Nach Rückkehr in Downing Street Johnson mahnt zur Geduld
Premierminister Johnson steht nach seiner überstandenen Corona-Erkrankung unter Druck - denn die Rufe nach Lockerungen werden lauter. Doch Johnson mahnte zur Vorsicht: Es drohe eine zweite Erkrankungswelle.
Der britische Premierminister Boris Johnson hat einer vorzeitigen Lockerung der Ausgangsbeschränkungen in Großbritannien zunächst eine Absage erteilt. "Ich verstehe eure Ungeduld", sagte Johnson, der nach seiner überstandenen Covid-19-Erkrankung heute die Amtsgeschäfte wieder aufnimmt. Das Land nähere sich zwar dem Ende der ersten Phase im Kampf gegen das Coronavirus. Allerdings müsse man akzeptieren, dass es auch zu einer zweiten Erkrankungswelle kommen könne.
Es gebe das Risiko, die Kontrolle zu verlieren, und dass die Ansteckungsrate wieder über eins steige. "Das würde nicht nur zu einer neuen Welle von Tod und Krankheit führen, sondern auch zu einem wirtschaftlichen Desaster."
"Das Blatt wendet sich"
"Jeden Tag weiß ich, dass das Virus Haushalten im ganzen Land neue Traurigkeit und Trauer bereitet", sagte er vor seinem Amtssitz in der Londoner Downing Street. Großbritannien sehe sich nach wie vor mit der größten Herausforderung seit dem Zweiten Weltkrieg konfrontiert. Doch das Land werde daraus stärker denn je hervorgehen.
Johnson dankt den Menschen für die Beachtung der Ausgangssperre. Man sei im Kampf gegen die Pandemie auf einem guten Weg, sagte der Premierminister weiter. Das Blatt wende sich.
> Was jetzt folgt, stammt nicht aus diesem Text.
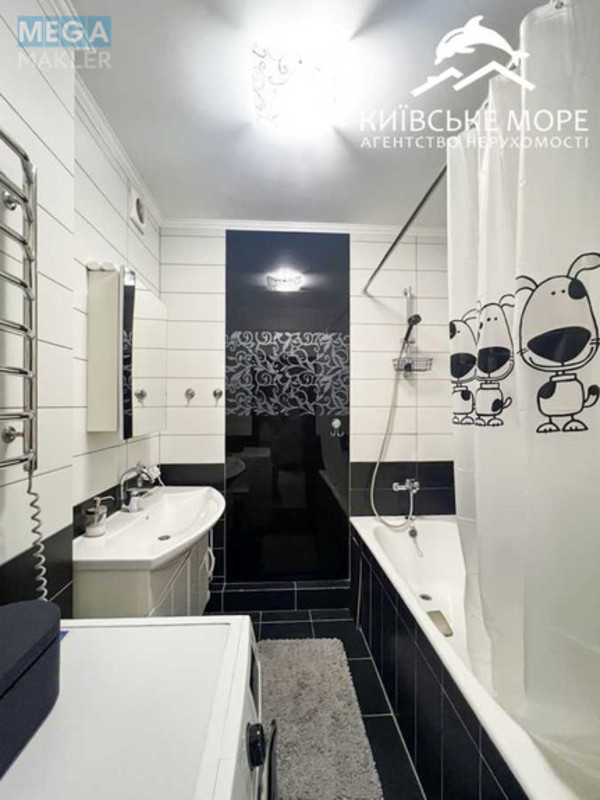 Продаж 3 кімнатної квартири (86/49/14), 8 пов. 16 пов. будинку, <a class="location-link" href="/kiev/" title="Недвижимость Київ">Київ</a>, <a class="location-link" href="/kiev/dneprovskij/" title="Недвижимость Дніпровський район">Дніпровський р-н</a>, Воскресенська вул., 16Г (изображение 12)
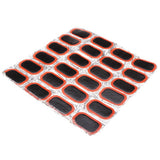 Rubber,Patch,Bicycle,Repair,24pcs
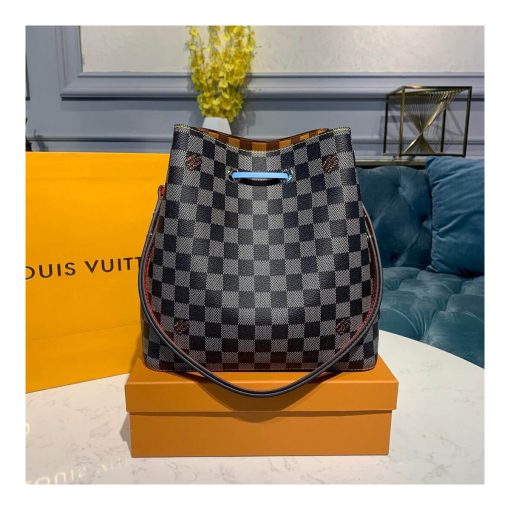 Louis Vuitton Damier Canvas NeoNoe MM N40229 - Image 4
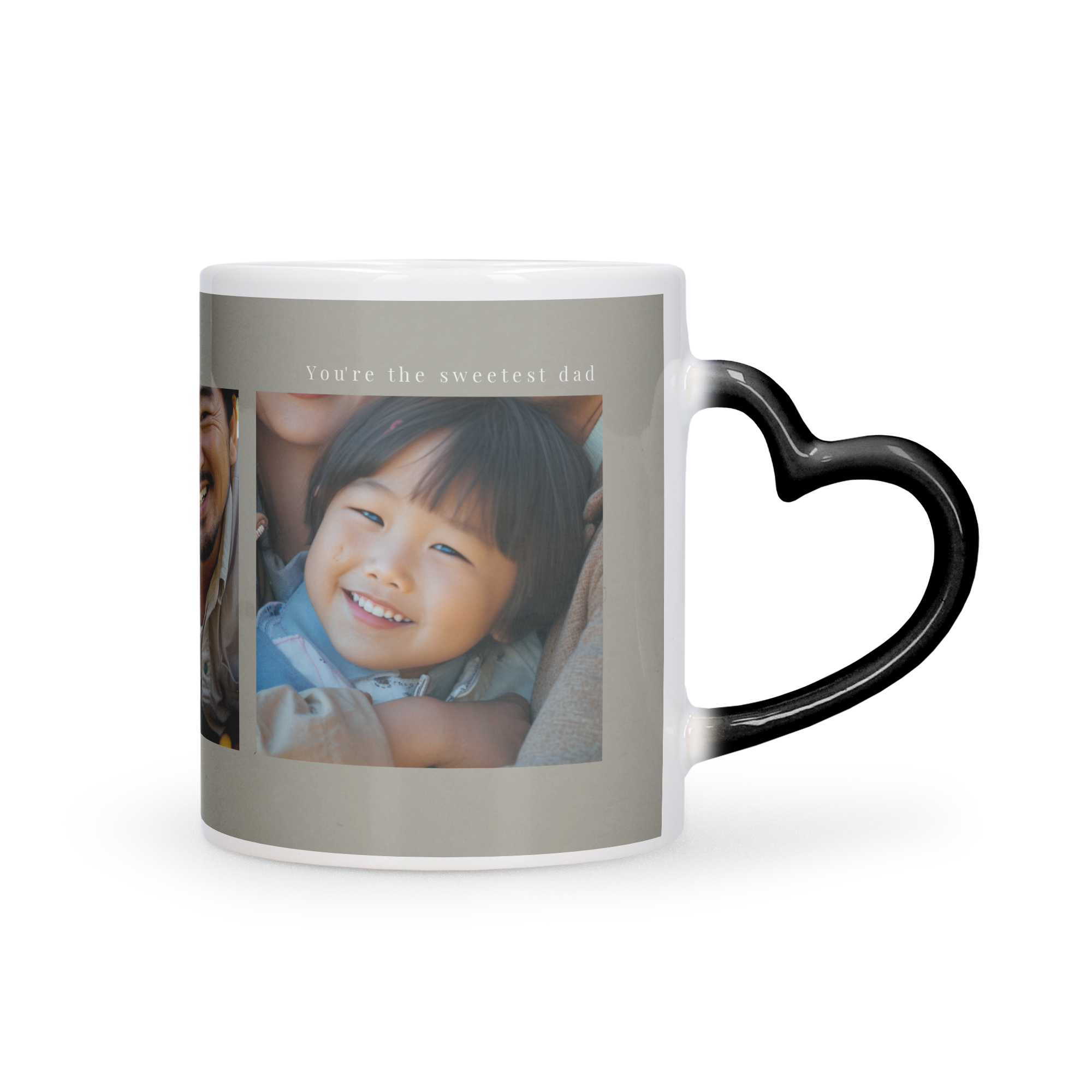 Tazza Magica Personalizzata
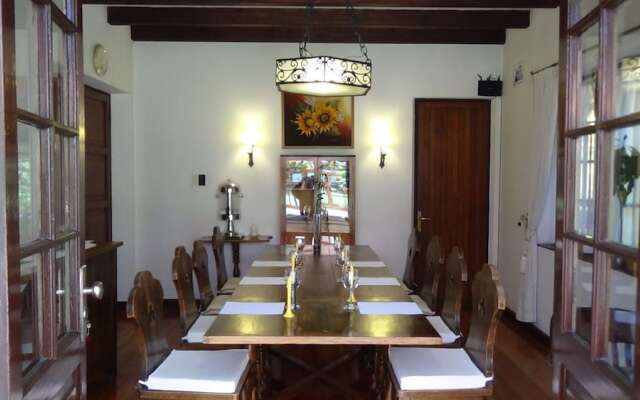 La Maison De La Bolivie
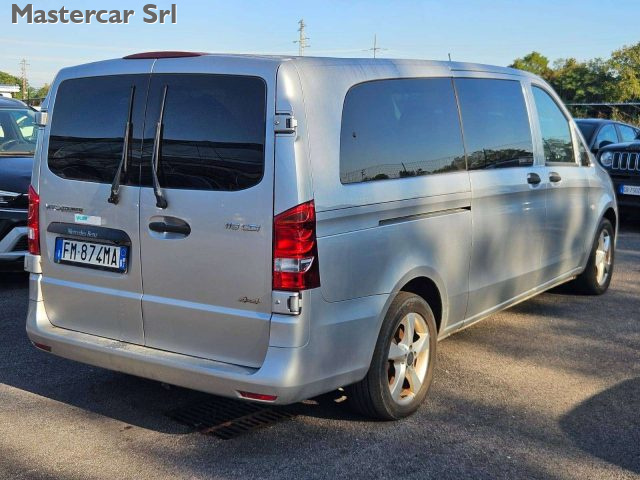 Mercedes-Benz Vito D 4X4 EXTRALONG 8 POSTI - FM874MA - foto 4 di 4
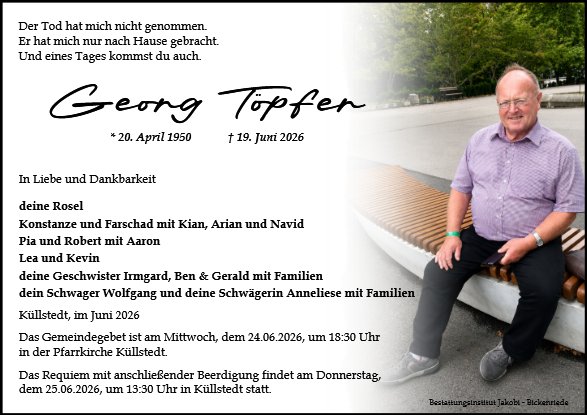 Georg Töpfer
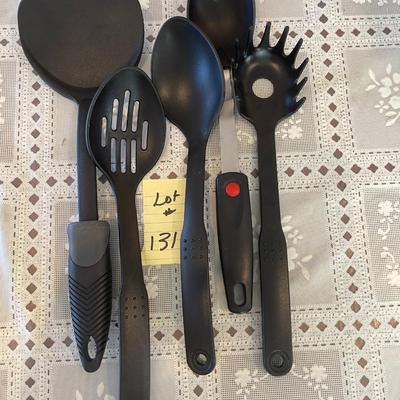 Cooking utensils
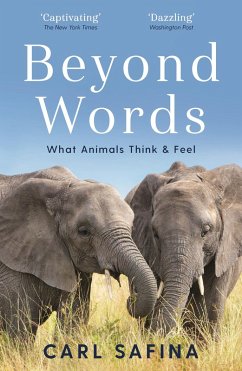 Beyond Words (eBook, ePUB) - Safina, Carl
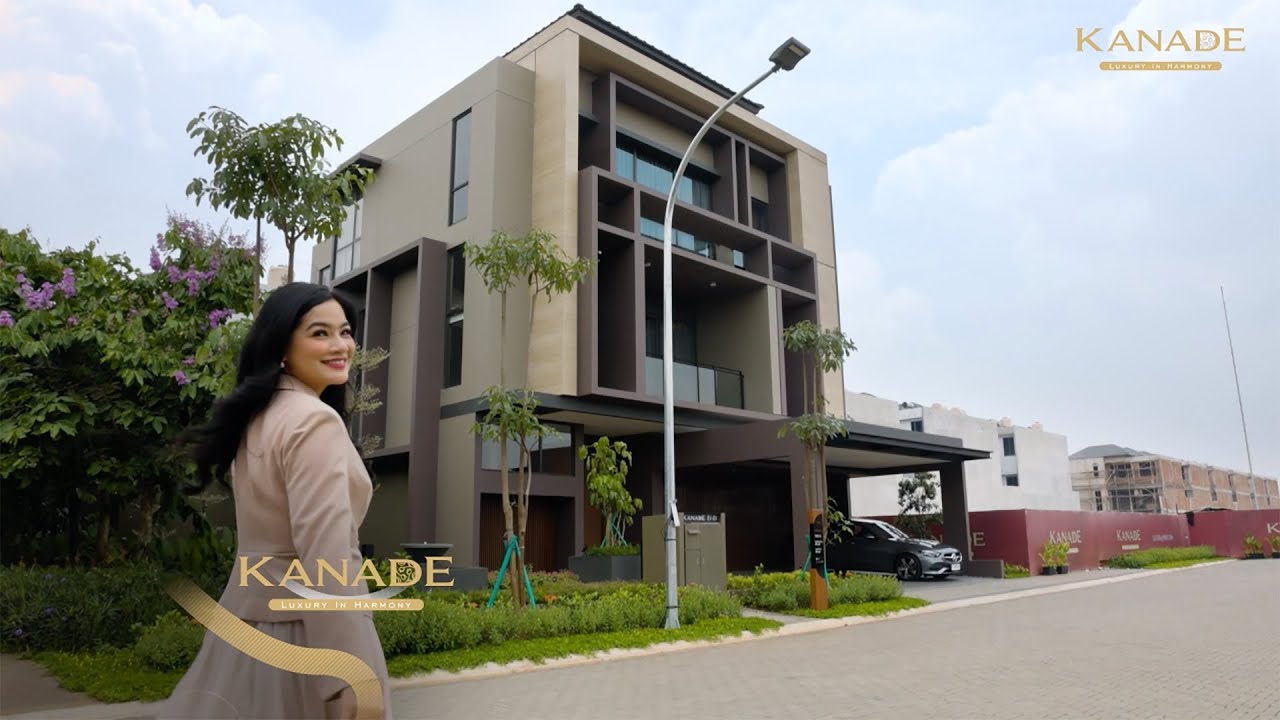 The Zora - Ultimate Living at Kanade with Titi Kamal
Johnson verglich das Virus mit einem Räuber: "Dies ist der Moment, in dem wir gemeinsam begonnen haben, es zu Boden zu ringen."
Gleichzeitig sei jetzt jedoch auch ein Moment "maximalen Risikos" - vorschnelles Handeln könne die bisherigen Anstrengungen zunichte machen. "Ich weiß, es ist schwer, und ich will die Wirtschaft so schnell wie möglich wieder hochfahren", sagte Johnson. "Aber ich weigere mich, all die Bemühungen und Opfer der britischen Bevölkerung über Bord zu werfen und einen zweiten großen Ausbruch, einen hohen Verlust an Menschenleben und eine Überforderung des NHS zu riskieren."
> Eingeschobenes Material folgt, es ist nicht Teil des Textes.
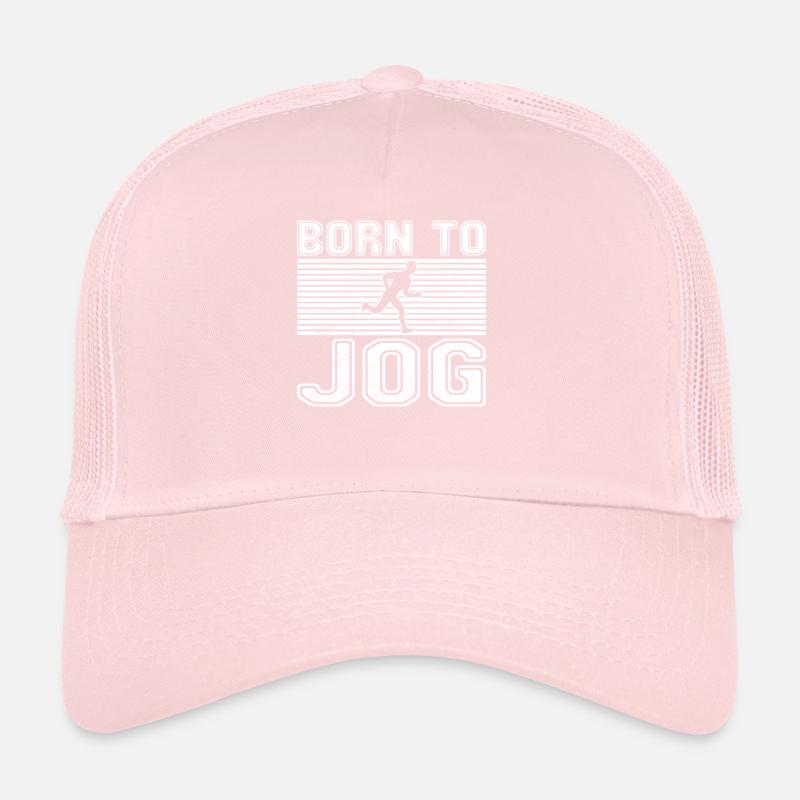 Jogging Running Casquette trucker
Interner Machtkampf in britischer Regierung
In der Wirtschaft und auch in seiner eigenen Partei waren zuletzt Forderungen laut geworden, die Maßnahmen zur Eindämmung des Coronavirus zu lockern. Auch hatten britische Medien immer wieder über Streit im Kabinett berichtet: zwischen den Falken, die den Ausnahmezustand schnell wieder lockern und die Wirtschaft ankurbeln wollen, und den Tauben, die das Risiko einer solchen Strategie für noch viel zu groß halten und an den Ausgangsbeschränkungen festhalten wollen. Ursprünglich wurde Johnson zum Lager der Falken gezählt. Nun klingt er eher wie eine Taube. Möglicherweise hat ihn seine persönliche Erfahrung verändert: die Erfahrung, das Corona-Virus nur knapp überlebt zu haben.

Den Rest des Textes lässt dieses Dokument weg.